Italia Oggi” del 19 aprile anticipa che per rimediare a questa situazione è già pronto uno schema di decreto per sperimentare le etichette "trasparenti" anche per il riso, la cui applicazione dovrà comunque sottostare al benestare di Bruxelles.


Se l'export ci premia

Latte e carne sono minacciati dalle importazioni, per altri settori le risposte ai problemi di mercato vengono dall'export. E' il caso di carni e salumi, che grazie alle vendite all'estero riescono a superare e a contrastare il calo dei consumi sul fronte interno. E' quanto emerge da un'analisi riportata da “Il Sole 24 Ore” del 14 aprile.

Situazione analoga la si ritrova per il kiwi, con un forte incremento delle esportazioni verso la Cina, paese di origine di questo frutto, come spiega “Libero” del 15 aprile.

Ottimi risultati sul fronte dell'export anche per le produzioni biologiche, per un valore che ha raggiunto quota 1,6 miliardi di euro, notizia che si apprende da “Il Sole 24 Ore” del 19 aprile.


Dalla siccità ai nubifragi

Le preoccupazioni per la siccità che hanno caratterizzato l'inizio di primavera con temperature sopra la media, hanno lasciato il posto a fenomeni temporaleschi e grandinate, in particolare del Nord.

Mentre la “Gazzetta di Mantova” del 16 aprile ancora paventava i rischi di una prolungata siccità, “Il Resto del Carlino” del 18 aprile ha descritto i gravi danni in Emilia Romagna ad albicocche e barbabietole e sulle coltivazioni di cipolla autunnale, letteralmente devastate dalle grandinate.
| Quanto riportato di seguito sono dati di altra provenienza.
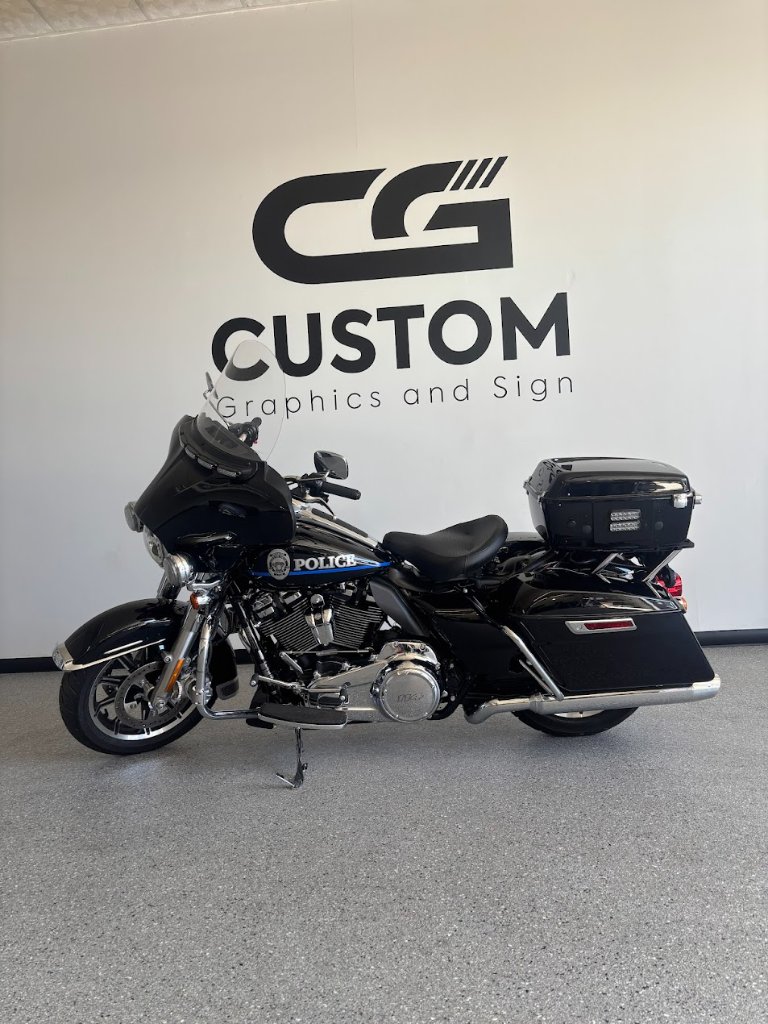 Orem Police motorcycle fleet graphics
Non è andata meglio in Veneto. Il maltempo ha compromesso le coltivazioni di radicchio e soprattutto i raccolti di uva nel vicentino, dove si rischia di perdere fra il 70 e l'80% della produzione, come si può leggere sul “Gazzettino” del 20 aprile.
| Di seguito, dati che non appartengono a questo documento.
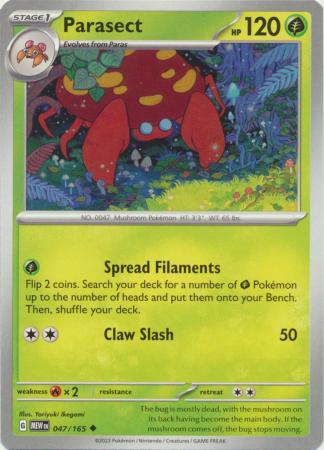 047/165 - Parasect - Uncommon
In Piemonte sono stati vento e gelo a provocare danni, lo scrive “Il Giornale” del 20 aprile, che pubblica un resoconto delle segnalazioni ricevute in particolare da Acquese, Ovadese e Gaviese.

Certo, non è la prima volta che gli agricoltori devono fare i conti con grandinate e nubifragi. Negli ultimi dieci anni, evidenzia “Il Tempo” del 20 aprile, il clima impazzito ha provocato danni per circa 14 miliardi di euro.
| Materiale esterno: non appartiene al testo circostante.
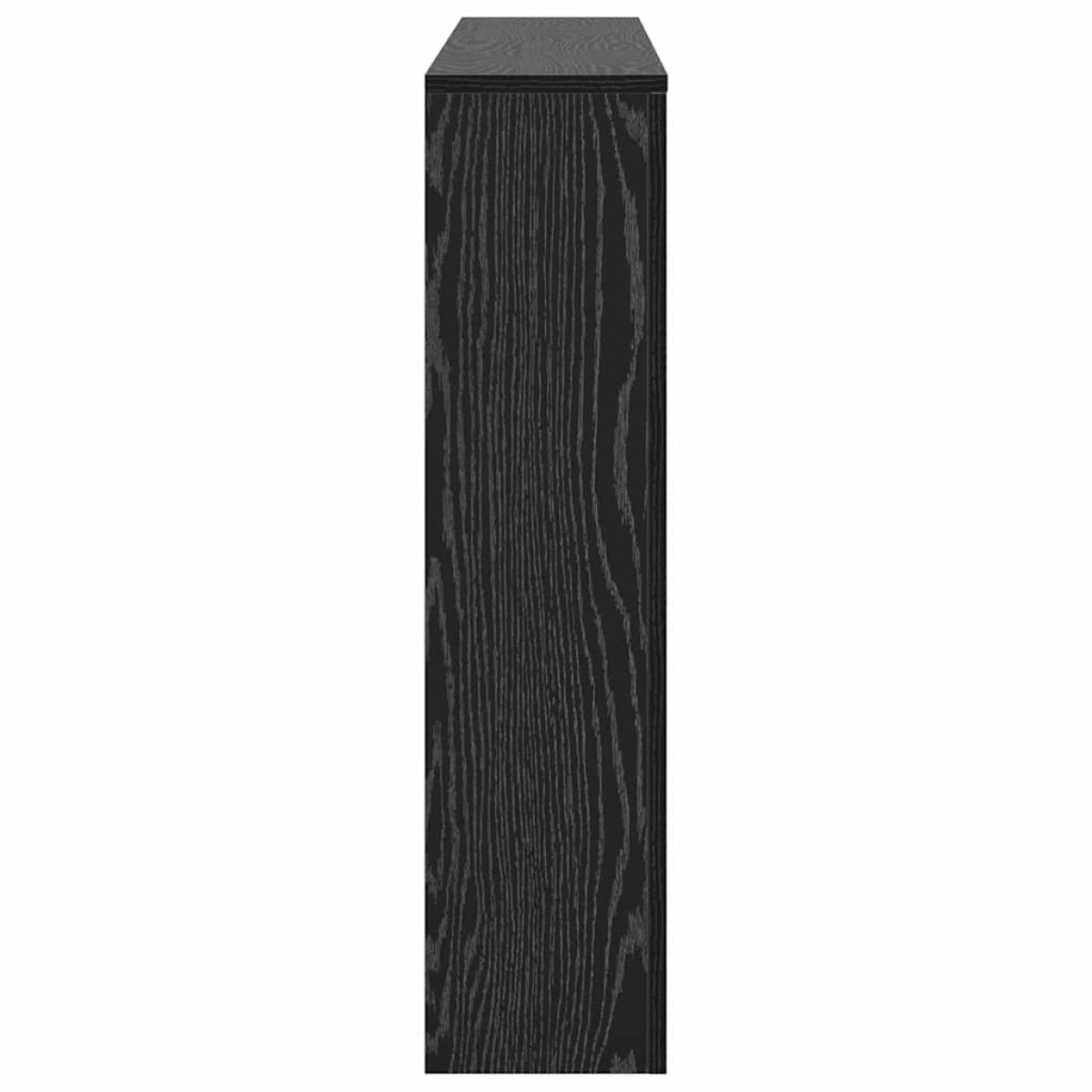 vidaXL Καπάκι Καλοριφέρ Μαύρη Δρυς 149 x 20 x 82 cm Επεξεργασμένο Ξύλο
Una speranza per la Xylella

Notizie fra loro di segno opposto per gli ulivi pugliesi alle prese con la Xylella. Il 14 aprile dal “Quotidiano di Puglia” arriva la notizia di ulteriori abbattimenti per 282 ulivi tra Brindisi e Taranto.

Dal “Corriere del Mezzogiorno” del 16 aprile arriva invece la conferma che la cultivar "favoloso" è resistente alla malattia. Lo hanno dimostrato le ricerche del Cnr, come ricorda “Avvenire” del 19 aprile e come ribadisce nello stesso giorno “Italia Oggi”.